On Fri, Dec 05, 2003 at 12:50:28AM +0000, Rui Carmo wrote:
> Not really, no. But the enum code block wasn't really commented (so I
> couldn't know what it was supposed to be or the semantics of its use),
I've added a comment.
> and after dealing with 3GPP specs for a few years, believe me when I
> say you _want_ to discern even between labels to the same thing...
> They're that picky.
Yes, but as that enum is used only to control how the item is formatted,
you don't want to distinguish between them in that case. It's
sufficient to give each one its own entry in
"radius_vendor_3gpp_attrib". (Ultimately, as much as possible of the
stuff in packet-radius.c should probably come from a file read at
startup time, rather than requiring packet-radius.c to be changed in
order for it to know about new attributes.
I made the ones that are IP addresses use type RADIUS_IP_ADDRESS.
> > Similarly, perhaps there should be a RADIUS_UTF8_STRING type for all
> > the UTF-8 strings and a RADIUS_IPV6_ADDRESS type for IPv6 addresses.
>
> Maybe. I did not even attempt to find how to deal with either UTF-8 or
> IPv6 inside Ethereal, since I could not test those fields.

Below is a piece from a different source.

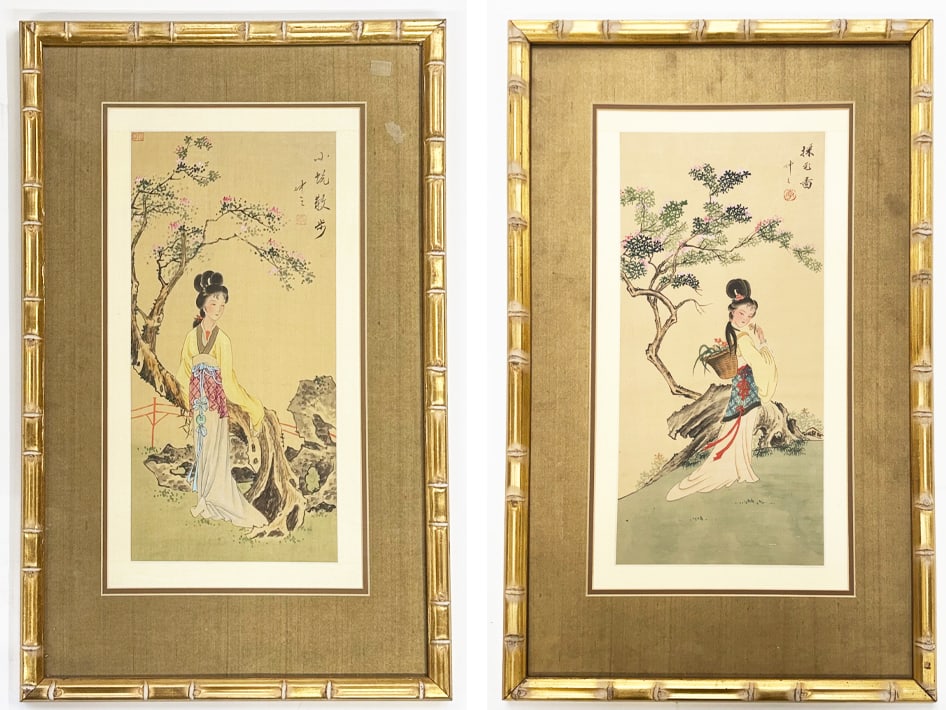 Pair of Vintage Chinese Watercolors on Silk.: They are of Chinese women. One of them has the protective glass in front of the painting, the other does not. Other than that, the paintings and frames are in good overall condition. The image size on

I've added a RADIUS_IP6_ADDRESS type and used that for the IPv6 address
attributes.
> > Also, THE3GPP_CHARGING_ID is just like RADIUS_INTEGER4 except that
> > it's printed with "%d" rather than "%u" - is it really a *signed*
> > 32-bit integer? If not, it should probably just be RADIUS_INTEGER4.
>
> It is not defined within the standard as anything other than an octet
> tuple (and as far as I know it is only an opaque "handle", without any
> meaningful numeric value).
TS 29.061 V5.7.0 says "Charging ID value: 32 bits unsigned integer". I
made it RADIUS_INTEGER4.
Checked in, with the aforementioned changes.